Coagulation factor XI is the zymogen of a plasma protease that contributes to hemostasis by activating factor IX.1 In congenital factor XI deficiency in humans, low plasma activity is almost always associated with a comparable loss of antigen (cross-reactive material–negative [CRM−] deficiency).2,3 Few factor XI–deficient patients with low activity and disproportionately high circulating levels of factor XI antigen (CRM+ deficiency) have been reported,4-6 and the genetic abnormalities in these individuals have not been determined. This distinguishes factor XI deficiency from hemophilias A and B (deficiency of factor VIII or IX, respectively) and von Willebrand disease, where many circulating dysfunctional variants have been described.7 Another peculiarity of factor XI deficiency that distinguishes it from hemophilia is the poor correlation between plasma factor XI activity and bleeding symptoms.6,8,9 It is likely that several factors are responsible for this phenomenon. One possibility is that commonly used in vitro tests for factor XI activity do not accurately measure properties of the protein most important for in vivo hemostasis.
Previously, we reported 2 amino acid substitutions in factor XI (Q226R and S248N), identified in an African American with a history of excessive bleeding and a modest deficiency in plasma factor XI activity.10 This patient is a compound heterozygote, with the amino acid substitutions residing on separate alleles. The patient's mother, a heterozygote for the S248N substitution, also experienced excessive bleeding.
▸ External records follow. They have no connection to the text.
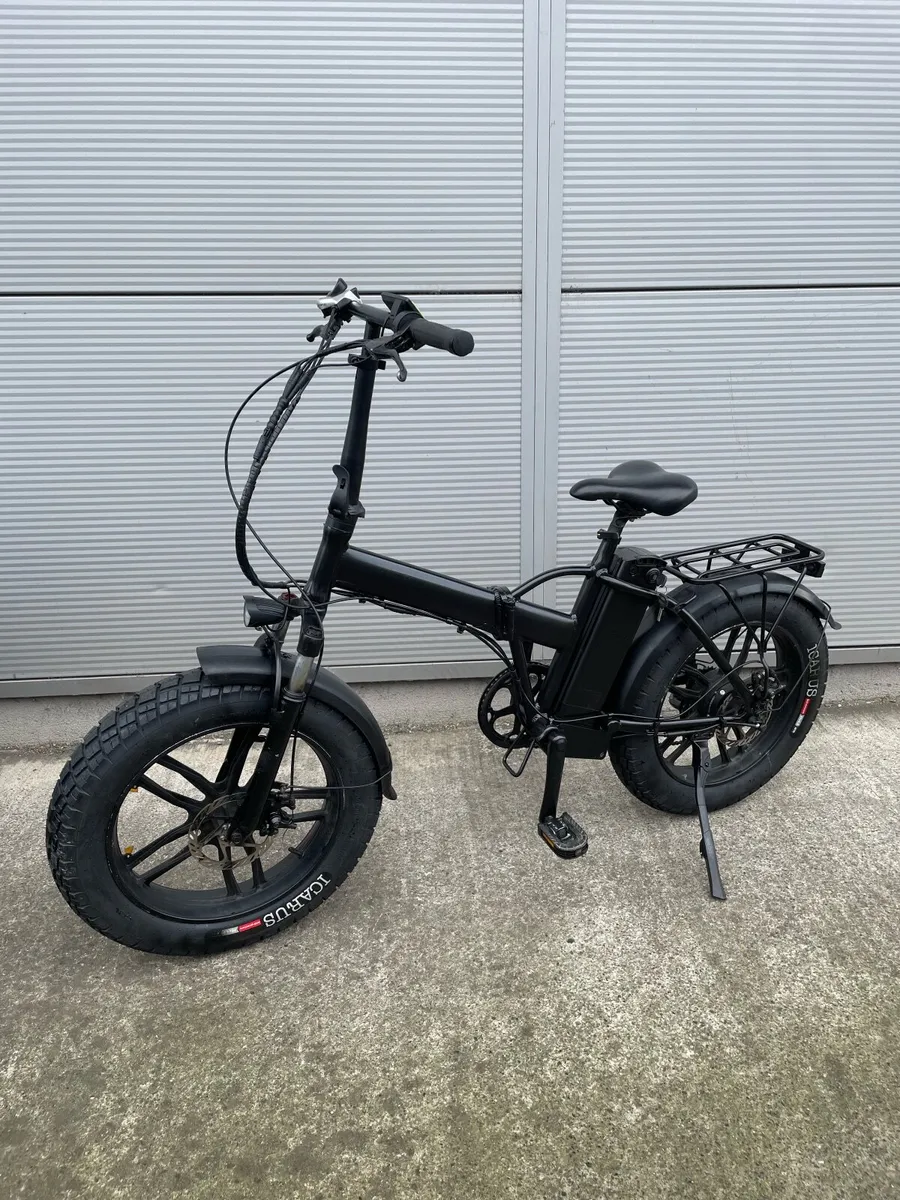 RKS RSIII PRO ALL TERRAIN E-BIKE 360WH - Image 4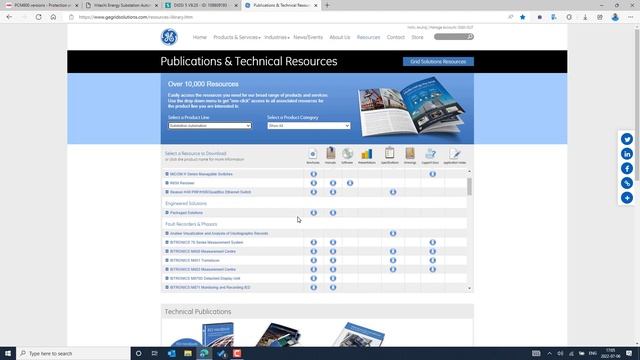 How to download the latest version of IED Configuration tools смотреть онлайн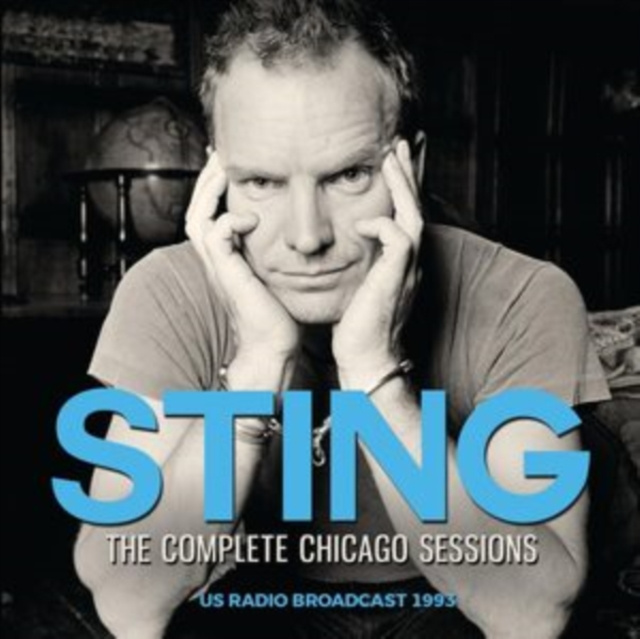 Audio  The Complete Chigaco Sessions Sting
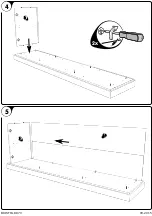 Preview for 4 page of meubar BRISTOL DR7V Assembly Instruction Manual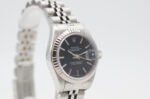 Rolex Lady-Datejust 26 Bracelet Jubilee 69174 Noir - Image 5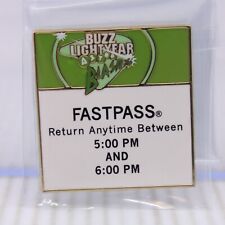 C2 Disney WDI LE Pin Fastpass Mystery Box Buzz Lightyear Astro Blaster Toy Story picture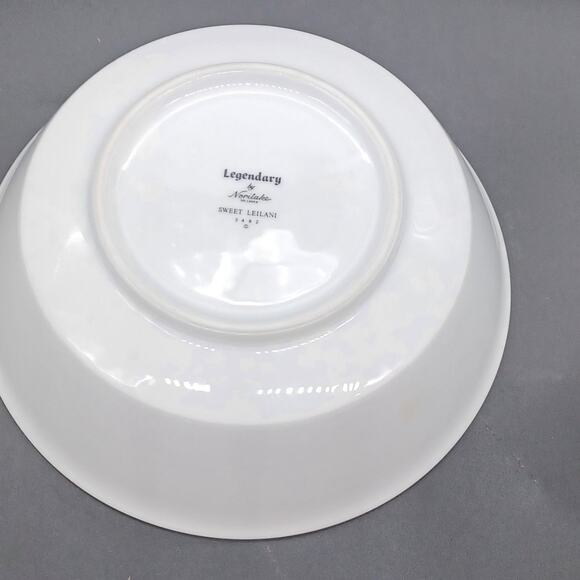 Vintage Noritake sweet leilani large round vegetable - Picture 4 of 4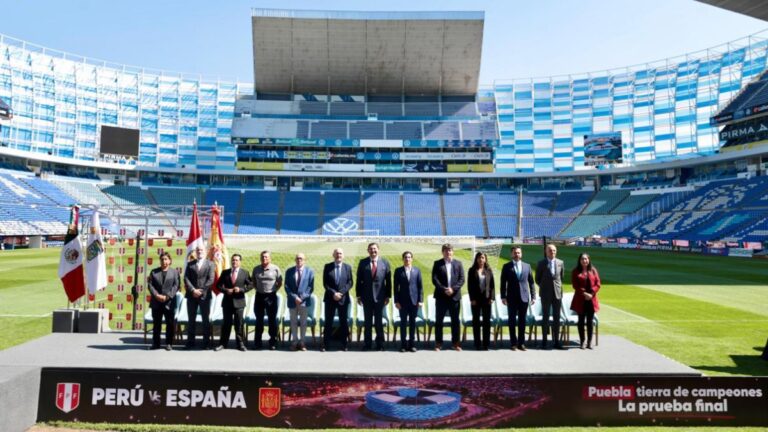 “En Puebla ya empezó el mundial”, aplaude Rommel Pacheco » Oronoticias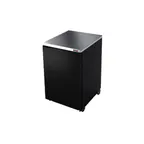 image of Fagor Refrigeration FBB-24-N Refrigerated Back Bar Cabinet w/ 1 Solid Door, 2 Shelves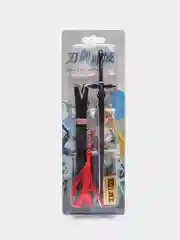 Хром меч оружие Кирито из Sword Art Olnine-Kirito, Мастер меча, Elucidator (Вразумитель)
Both amino acid substitutions may turn out to be relatively common, because they have subsequently been identified in DNA samples from individuals unlikely to be related to the index case.11,12 Amino acids 226 and 248 reside in the third apple (A3) domain of the factor XI heavy chain.13 A3 appears to be a key region for interactions between factor XI and other molecules involved in hemostasis. Putative binding sites for factor IX,14,15 platelet membranes,16,17 and heparin18,19 have been described within this domain. Our original investigation of recombinant factor XI containing either the Q226R or S248N substitution indicated comparable activity to wild-type factor XI in conventional activated partial thromboplastin time (aPTT) assays.10 In this report we describe studies examining interactions of the proteins with factor IX and activated platelets. The results demonstrate that the S248N substitution is associated with a defect in platelet binding that interferes with factor XI activation.
Materials and methods
293 human fetal kidney fibroblasts were from the American Type Culture Collection (CRL 1573; Rockville, MD). Cellgro Complete serum-free medium was from Mediatech (Herndon, VA). Gelcode Blue stain for sodium dodecyl sulfate (SDS)–polyacryamide gels was from Pierce (Rockford, IL). Chromogenic substrates S-2366 (L-pyroglutamyl-L-prolyl-L-arginine-p-nitroanaline) and S-2765 (N-α-benzyoxycarbonyl-D-arginyl-glycyl-L-arginine-p-nitroanaline) were from Diapharma (West Chester, OH). Recombinant human factor VIII (Recombinate) was from Baxter/Hyland (Glendale, CA). Purified thrombin and factors IX, X, IXa, Xa, and XIIa were from Enzyme Research Laboratories (South Bend, IN). High-molecular-weight kininogen was prepared by the method of Kerbiriou and Griffin.20 Rabbit brain cephalin was prepared from rabbit brain acetone powder (Sigma, St Louis, MO) by the method of Bell and Alton.21 A 1:10 dilution of this preparation is optimal for clotting assays and was used in all experiments. Thrombin receptor agonist SFLLRN-amide was synthesized at the Protein Chemistry Facility of the University of Pennsylvania. Factor XI was purified from human plasma by a previously published method.22
Preparation, activation, and radiolabeling of recombinant protein
The site-directed mutagenesis procedure used to produce expression constructs for factor XI–R226 and factor XI–N248 has been described.10 The 2 variant complementary DNAs (cDNAs) and wild-type factor XI cDNA were expressed in 293 fibroblasts according to published methods14,15 and purified from 500 mL serum-free conditioned media (Cellgro Complete) by antibody affinity chromatography.14,15 Proteins were checked for purity by SDS–polyacrylamide gel electrophoresis (SDS-PAGE), and protein concentrations were determined by dye binding assay (Bio-Rad, Hercules, CA). Proteins were activated by diluting to 200 to 400 μg/mL in 25 mM Tris-HCl (pH 7.4), 100 mM NaCl (TBS) containing 5 μg/mL human factor XIIa and incubating at 37°C. Conversion of the 80-kd zymogen to the 45-kd and 35-kd chains of factor XIa was followed by reducing SDS-PAGE. Purified proteins were radiolabeled by a modification of the Iodogen method.17 Briefly, 2 μL 125I NaOH (18.5-37 MBq/μL) was added to 100 μL protein (0.1-1.0 mg/mL) in a microfuge tube coated with Iodogen reagent (20 μL) for 20 minutes. The reaction was stopped by adding metabisulfate (50 μg/mL). The125I protein was purified by centrifugation at 200g for 20 minutes through a 1 mL Sephadex G-50 column equilibrated in 0.01 M Tris (pH 8.0). The specific activity of125I factor XI was 1.1 MBq/μg. Radiolabeled protein retained more than 98% of biologic activity in an aPTT assay.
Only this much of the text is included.